Alors que le budget de la culture est annoncé en baisse de 5% (235 millions de moins qu'en 2025), la fragilité des musées en matière de sûreté éclate au grand jour. Elle découle d'un déficit d'investissement technique mais aussi d'une destruction progressive du statut des surveillants.
Le cambriolage du Louvre, le 19 octobre, a mis en évidence les failles dans la sûreté des 1 200 musées français et la protection du patrimoine national. Car, malheureusement, l'évènement est loin d'être isolé. Le 14 octobre, des montres de collection et des bijoux étaient subtilisés au musée Jacques Chirac (Sarran, Corrèze). Le 7 octobre, le musée du Désert (à Mialet dans le Gard) voyait, lui, disparaître une centaine de croix Huguenotes en or. Et le lendemain de l'équipée du Louvre, des pièces d'or et d'argent étaient volées à la Maison des lumières Denis Diderot à Langres. Tout ceci, en seulement un mois. Sur l'année, plus d'une vingtaine de cambriolages ont déjà été enregistrés.
Le sous-investissement dans la sûreté des établissements est pointé de tous côtés. Un rapport de la Cour des comptes (publié le 5 novembre) déplore que malgré de fortes ressources d'autofinancement au Louvre (billetterie et mécénat notamment), une trop faible part soit consacrée à la sécurisation des œuvres et des lieux. Résultat : seules 39% des salles sont équipées d'au moins une caméra de surveillance, leur développement ayant été concentré sur les salles d'expositions temporaires. Et l'audition de la direction du musée au Sénat n'a pas permis d'apprendre combien étaient en état de fonctionnement. Quant au système informatique, une enquête de Libération a révélé des failles majeures y compris dans le réseau sûreté qui raccorde le contrôle des accès, les alarmes, la vidéo-surveillance.
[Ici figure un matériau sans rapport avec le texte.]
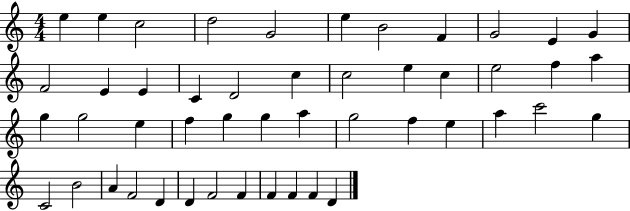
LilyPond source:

La sûreté : un investissement peu valorisé
Les syndicats signalent eux que la sûreté n'est pas un investissement qui intéresse les mécènes ou qui permet de valoriser l'image d'un site. De plus même si nous avons désormais des spécialistes de la sûreté dans les grands établissements, ils ne sont pas décisionnaires quant aux montants investis dans leur secteur
, souligne Pierre Monteil, secrétaire de la section SNAC -FO au Château de Versailles. Quant aux petits musées, où parfois le personnel en caisse fait également la visite guidée, l'ouverture, la fermeture, on imagine bien qu'il n'y a pas de budget sûreté. Et ne parlons pas des bibliothèques où des ouvrages anciens peuvent disparaître feuille par feuille
, poursuit-il.
Ce n'est pourtant pas faute d'avoir alerté, côté syndicats comme directions de musées. Le 17 juin dernier, les personnels d'accueil et de surveillance du Louvre étaient en grève pour dénoncer – entre autres – leur sous-effectif chronique. En 15 ans, l'établissement public aurait perdu 200 postes. Principalement des agents de surveillance
, précise Dominique Williatte, secrétaire général du SNAC FO. Cela a pour conséquence des fermetures de salles ou des salles moins surveillées.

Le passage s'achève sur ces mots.